Closed
Description
Couldn't find a previous issue on this, so I'd like to open a tracking issue for this. We've known this for a long time, but the metadata format for the compiler is far too large and there are surely methods to shrink its size and impact. Today when I compile librustc
, I get the following numbers:
librustc.rlib
- 64MBrustc.o
- 12MBrust.metadata.bin
- 32MBrustc.0.bytecode.deflate
- 21MB
This means that the metadata is three times as large as the code we're generating. Another statistic is that 36% of the binary data of the nightly is metadata.
There are, however, a number of competing concerns around metadata:
- Reading metadata needs to be fast. Rustc reads a lot of metadata for upstream crates, and it needs to quickly be able to read the minimum set of metadata for crates. This is currently achieved by storing metadata uncompressed in rlibs to allow LLVM to mmap it directly into the address space and page it in for reading.
- Metadata needs to be fairly free-form to allow encoding various types of data into it. Ideally it's also extensible into the future so at some point we can use newer compilers against older libraries (this currently not possible for other reasons).
- All libraries need metadata available in them (currently). This means that if a library produces a dylib/rlib pair (the stdlib is one of the few that does this) then the metadata is duplicated among artifacts. It also means that metadata must be suitable to place inside of a dynamic library.

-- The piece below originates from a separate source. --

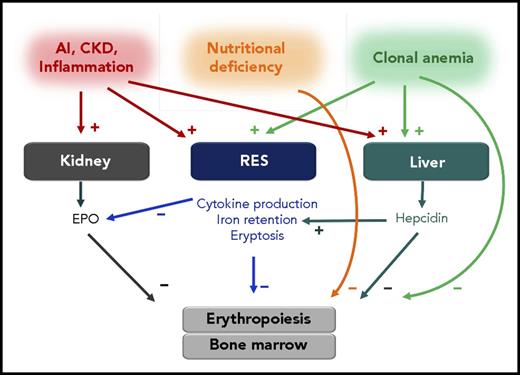 Figure 2. Possible mechanisms of anemia in older adults. A hyperinflammatory state is typical in anemia of inflammation (AI), CKD, and inflammaging. This state is characterized by increased hepcidin production in the liver, resulting in a direct negative impact on erythropoiesis and increased iron retention in the reticuloendothelial system (RES). Moreover, production of EPO is insufficient in response to anemia, and EPO response in the erythropoiesis is blunted. A further hallmark in the pathogenesis of AI is the increased phagocytosis of aging erythrocytes (eryptosis). Clonal disorders in leukocytes increase the risk of developing cardiovascular complications and anemia. This association may be caused by the promotion of inflammatory processes. Plus signs symbolize stimulation, and minus signs inhibition.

There are a few open issues on this already, but none of them are necessarily a silver bullet. Here's a smattering of wishlist ideas or various strategies.
- Changing metadata formats may gain us a win. Currently we're using a "variant" of EBML. Convert extra::ebml to extra::atom_trees #9303
- Move metadata to a separate crate for faster iteration, allowing external tools to inspect, or in general improving the overall quality of the code. Move metadata handling into its own crate #2213
- Being able to actually inspect metadata would probably give a helpful hand into what can be eliminated. Add a raw pretty printer for the metadata format #2326
More will likely be added to this over time as it's a metabug.